Crowdsourced testing is an emerging trend in software testing which exploits the benefits, effectiveness, and efficiency of crowdsourcing and the cloud platform. It differs from traditional testing methods in that the testing is carried out by a number of different testers from different places, and not by hired consultants and professionals. The software is put to test under diverse realistic platforms which makes it more reliable, cost-effective, and can be fast. In addition, crowdsource testing can allow for remote usability testing because specific target groups can be recruited through the crowd.

This method of testing is considered when the software is more user-centric: i.e., software whose success is determined by its user feedback and which has a diverse user space. It is frequently implemented with gaming, mobile applications, when experts who may be difficult to find in one place are required for specific testing, or when the company lacks the resources or time to carry out the testing internally.

Crowdsourced testing vs. Outsourced testing 
Crowdsourced testing may be considered to be a sub-type of software testing outsourcing.

While for some projects it may be possible to get away with only using one approach or the other, a more thorough approach would use a more diverse software testing method,  which uses both a dedicated testing team in addition to the crowd.
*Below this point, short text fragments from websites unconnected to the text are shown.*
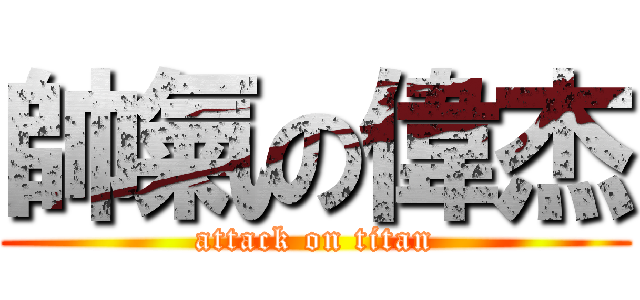 帥氣の偉杰 (attack on titan)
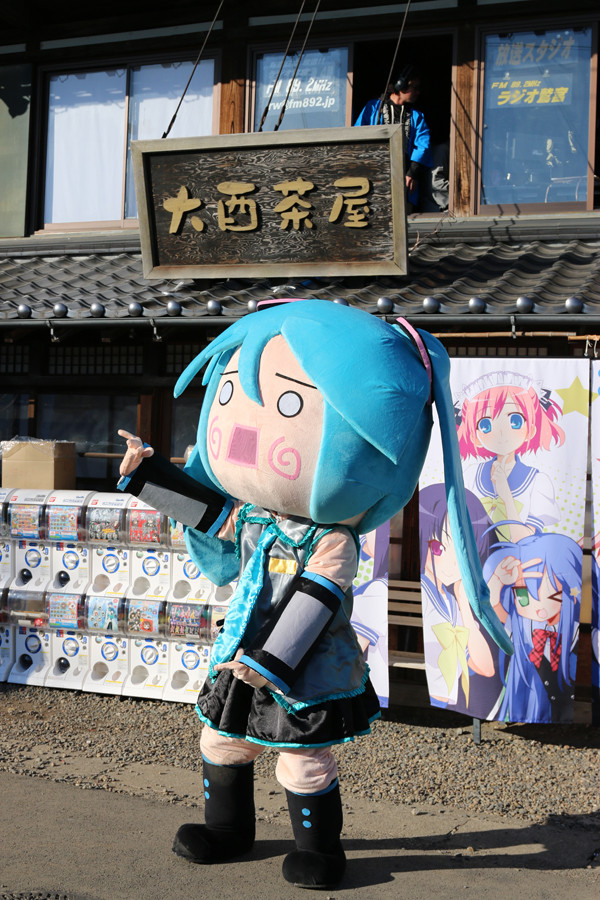 �����㲰���ˡ֤Ϥ���ͥߥ���3���ɵܿ���2015ǯ�����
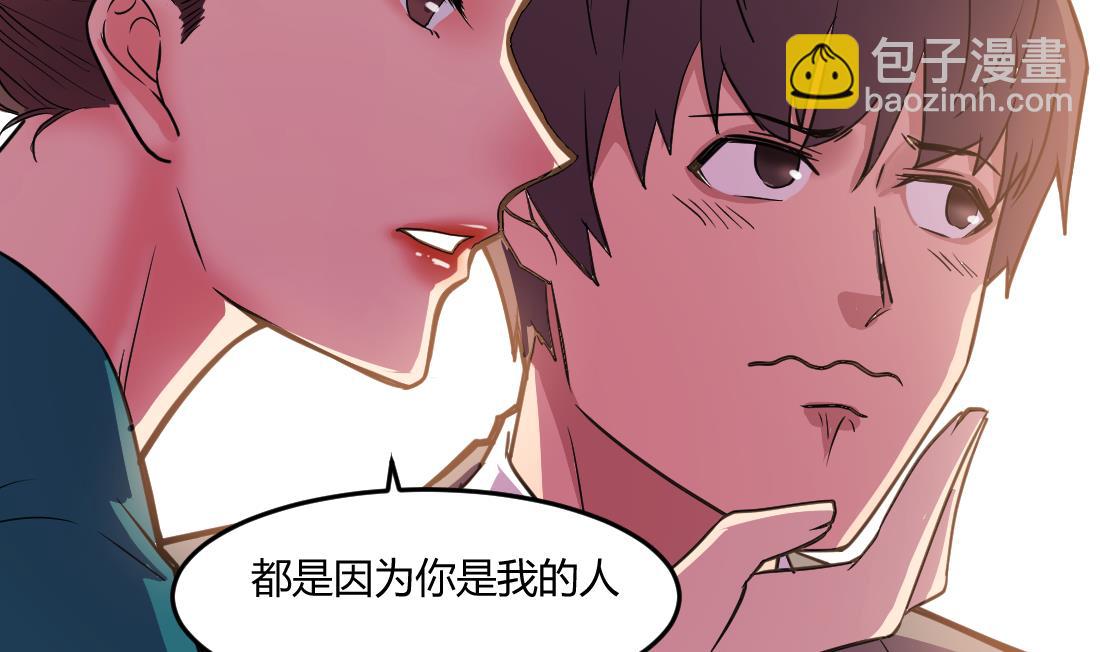 第38话(1/2)-第38话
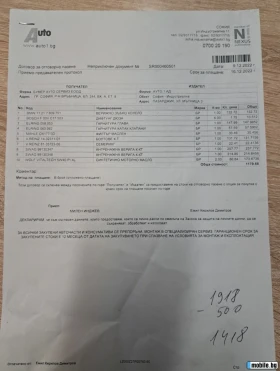 BMW 330 300d M-Pack NAVI, снимка 16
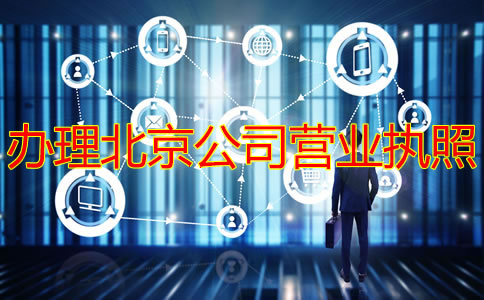 辦理北京公司營業(yè)執(zhí)照需要多長時間？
Crowdsource testing is best for things like beta and compatibility testing, which are necessary final steps for testing; however, most software is far too complex for late-stage testing like this to cover all of the possible issues. A dedicated outsourced or in-house testing team will give a better idea of the software's possible defects, but will not give anywhere near the scope of crowdtesting. Therefore, a good solution is to integrate multiple test teams into any development project (and also to develop with the principles of testability in mind from the very beginning.)

Crowdsourcing alone may not give the best feedback on applications. A diverse testing approach that pools both crowdsource testing and a dedicated testing team may be favorable. "Having this diversity of staffing allows you to scale your resources up and down in a fluid manner, meeting tight deadlines during peak periods of development and testing, while controlling costs during slow periods."